For example, in many connector assemblies, the pins include a bent portion that extends beyond the periphery of the connector structure to engage a pad on the printed circuit substrate. The extension of the pin beyond the periphery of the connector structure increases the amount of substrate surface area required by the connector assembly, and thus the footprint of the connector assembly is increased. The extension of the pin also increases the length of the electrical signal path between the contacts on the connector structure and the traces on the printed circuit substrate. In addition, the bent portion of the pin can act as a lever arm during engagement and disengagement of the connector assembly, applying stresses that can damage the solder joints formed with the pads.

Moreover, at higher interconnection densities, the metal pins must be made with smaller sizes and smaller pitch to fit a larger number of interconnections within a given space. The production of reduced pin sizes dictated by aggressive spacing requirements can be very costly and tests the limits of present manufacturing capabilities. Even if manufacturing capabilities exist, however, the reduced size tends to produce structurally weak pins that are easily damaged. In addition, the reduced pitch and size complicate both alignment of the pins with the pads, and the placement of the pins within the connector structure.

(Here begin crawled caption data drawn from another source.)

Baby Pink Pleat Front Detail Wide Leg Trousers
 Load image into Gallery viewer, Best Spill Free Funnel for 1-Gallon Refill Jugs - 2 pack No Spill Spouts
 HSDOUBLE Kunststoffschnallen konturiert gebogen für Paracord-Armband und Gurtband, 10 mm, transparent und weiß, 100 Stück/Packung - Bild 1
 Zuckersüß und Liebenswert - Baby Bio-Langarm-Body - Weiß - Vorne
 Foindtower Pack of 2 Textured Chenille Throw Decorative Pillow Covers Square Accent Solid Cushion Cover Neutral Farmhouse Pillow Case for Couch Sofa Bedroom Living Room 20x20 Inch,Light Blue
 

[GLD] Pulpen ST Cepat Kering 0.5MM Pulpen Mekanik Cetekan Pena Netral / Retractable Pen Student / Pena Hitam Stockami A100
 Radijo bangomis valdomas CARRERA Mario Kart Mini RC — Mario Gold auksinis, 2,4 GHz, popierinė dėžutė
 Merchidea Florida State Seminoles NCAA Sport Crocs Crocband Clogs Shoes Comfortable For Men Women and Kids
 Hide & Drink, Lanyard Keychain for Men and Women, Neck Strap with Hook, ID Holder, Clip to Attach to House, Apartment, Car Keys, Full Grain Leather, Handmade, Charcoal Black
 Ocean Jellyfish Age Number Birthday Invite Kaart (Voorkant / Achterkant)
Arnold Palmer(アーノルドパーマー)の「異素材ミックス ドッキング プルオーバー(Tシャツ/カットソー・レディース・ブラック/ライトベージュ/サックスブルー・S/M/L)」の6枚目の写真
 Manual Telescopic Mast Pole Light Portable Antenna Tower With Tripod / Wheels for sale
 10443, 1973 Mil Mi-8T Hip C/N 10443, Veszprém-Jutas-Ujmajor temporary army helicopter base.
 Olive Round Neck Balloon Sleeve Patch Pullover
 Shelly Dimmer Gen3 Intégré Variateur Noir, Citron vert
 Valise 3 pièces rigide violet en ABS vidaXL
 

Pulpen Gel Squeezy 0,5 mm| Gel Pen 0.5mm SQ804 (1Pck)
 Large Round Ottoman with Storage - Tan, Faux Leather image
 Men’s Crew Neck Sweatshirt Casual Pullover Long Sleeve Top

Finally, for the traditional pin and socket connector assembly to provide high speed electrical connection, each individual pin and socket must be shielded against electromagnetic interference (EMI) and radio frequency interference (RFI). The shielding process creates an extremely bulky product that may not fit within the confines of the space available to make such connections.

The disadvantages associated with existing connector assemblies demonstrate a need for an improved connector for making high speed, high density, shielded, impedance controlled electrical interconnections. Specifically, there is a need for a connector that is capable of making a large number of interconnections in a limited space while still maintaining a high speed, low noise connection. Moreover, there is a need for a connector that is mechanically able to minimize deformation caused by stress applied to the connector surface. In addition, there is a need for a connector that provides for EMI and RFI shielding without significantly increasing the bulk of the connector itself.

SUMMARY OF THE INVENTION

The flex connector assembly of the present invention overcomes the disadvantages of the prior electric connectors.

A flex connector assembly is provided having a plug assembly and a receptacle assembly for electrically connecting with the plug assembly. The plug assembly includes a plug housing, a first plug interface surface and a plug flex circuit having a first portion with a plurality of conductive protrusions thereon, wherein the plug flex circuit is fixed in the plug housing such that the conductive protrusions are positioned on the first plug interface surface. The receptacle assembly includes a receptacle housing, a first receptacle interface surface and a receptacle flex circuit having a plurality of conductive protrusions thereon, wherein the receptacle flex circuit is fixed in the receptacle housing such that the conductive protrusions are positioned on the first receptacle interface surface. Each of the conductive protrusions of the plug assembly are aligned to contact one of the conductive protrusions of the receptacle assembly when the plug assembly and receptacle assembly are connected. To provide EMI and RFI shielding, the housing of the plug and receptacle assemblies are preferably made of conductive metallic material or from a metallized material.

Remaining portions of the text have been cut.